気づけば二度三度とコースターに乗り、プールデッキのジャグジーに体を沈めて温まった。水と戯れる・・それが本来の船旅の醍醐味かもしれないと思いながら。






海を近くに感じ、
ゆったりとしたプレミアム感を味わう
クルーズ船はよく「動くホテル」と言うが、巨大な大型客船に乗っていると、その「動く」部分を感じる機会が少なかったりする。揺れもなくエンジン音も静かで、さらに海までの距離があったりするとなおさらだ。
一方でこのノルウェージャン アクアは、船旅の本来の良さ、大海原をぬって走る爽快感を思い出させてくれるシーンが多い。
例えば3層吹き抜けのアトリウムでは、海に面した側面には巨大なガラス窓がはめられ、波しぶきをあげて進む様子が見て取れる。ここにはおなじみのスターバックスコーヒーもコーヒーのカウンターもあり、ソファでコーヒー片手に語らう人の姿が絶えない。
スパのリラクゼーションエリアも、前面がガラス張りで眺望抜群。そこにニューヨークの摩天楼が広がる光景は、絵葉書が目の前にあるようで、うっとりとした。



船尾に位置するバイブビーチクラブには多数のデッキチェアが並び、天気がいい日はここで読書にふける人の姿が見られた。これだけ施設の充実した船だから、ついあれもこれも体験したくなるが、ここで日がな読書にふけるのが船旅本来のぜいたくかもしれない。
ノルウェージャン プリマから登場した「オーシャンブルーバード」は、この船でも健在。船体の両サイドに設置された広々としたアウトサイドデッキだ。ゆったりと座れるソファあり、水平線と一体化するような感覚を覚えるインフィニティープールあり。近くにカフェやバーもあるから、ドリンクを片手に眺望を楽しめる。

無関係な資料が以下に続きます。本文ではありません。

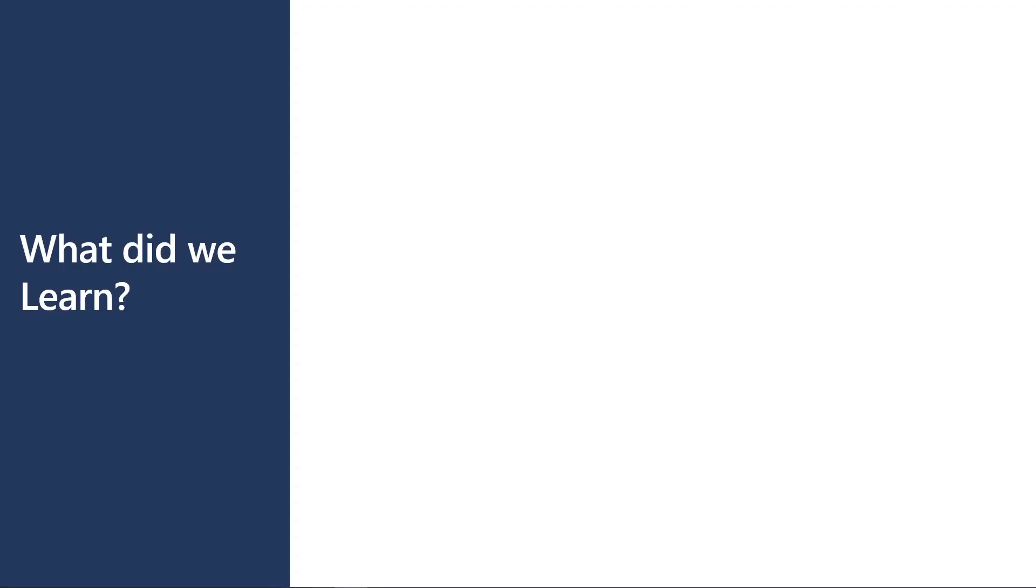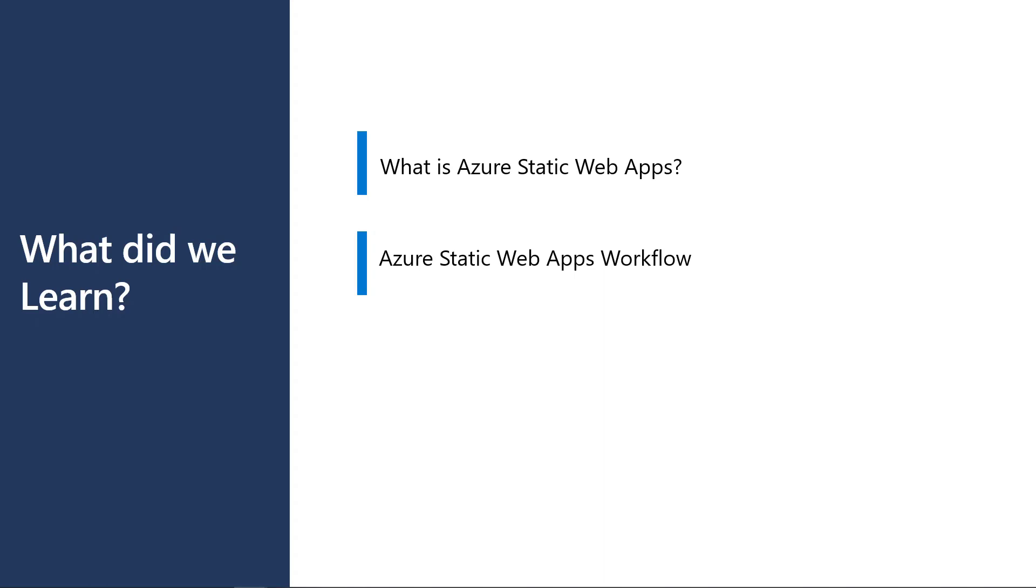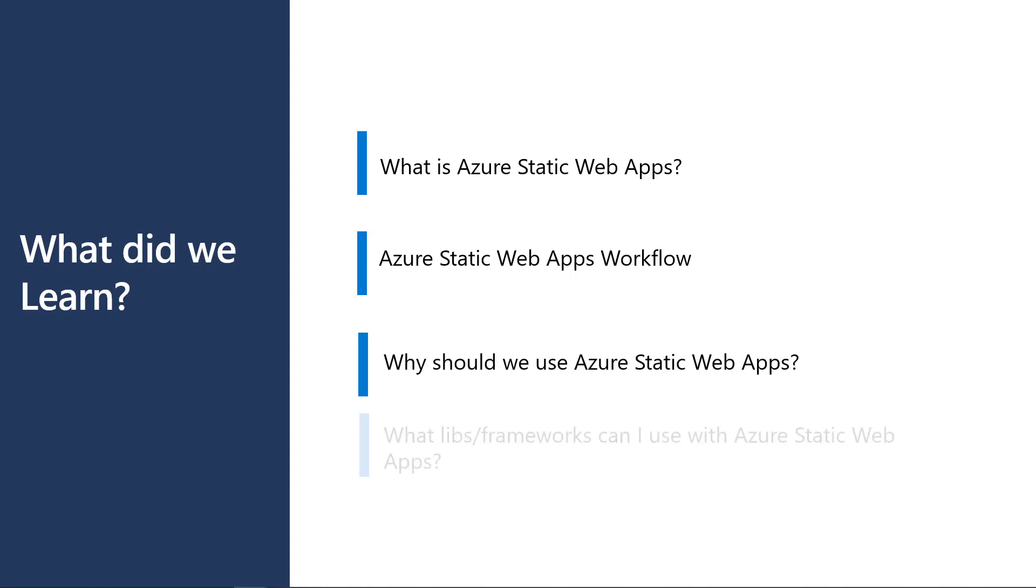In this module, we learned what Static Web Apps are, understood the Azure Static Web Apps workflow, and explored why we should use Azure Static Web Apps.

「日本からわざわざ来たの? 私は隣のニュージャージーよ」
外でジャグジーに入っていたら、カップルが声をかけてくれた。この船にいると、ジャグジーや朝昼のダイニングやバーで、隣の人から自然に声がかかる。
ノルウェージャン アクアは総トン数15万6300トン、乗客定員3571人。大型船にしては乗客一人当たりの空間=スペースレシオが類を見ないほど広い。ドレスコードもなく、カジュアルにクルーズを楽しめるが、どことなくその空気はプレミアム感が漂う。
何より「皆で海を旅している」という一体感があるせいだろうか。同じ人とすれ違う機会が少ない大型船ながら、気さくで親密な空気感が心地よい。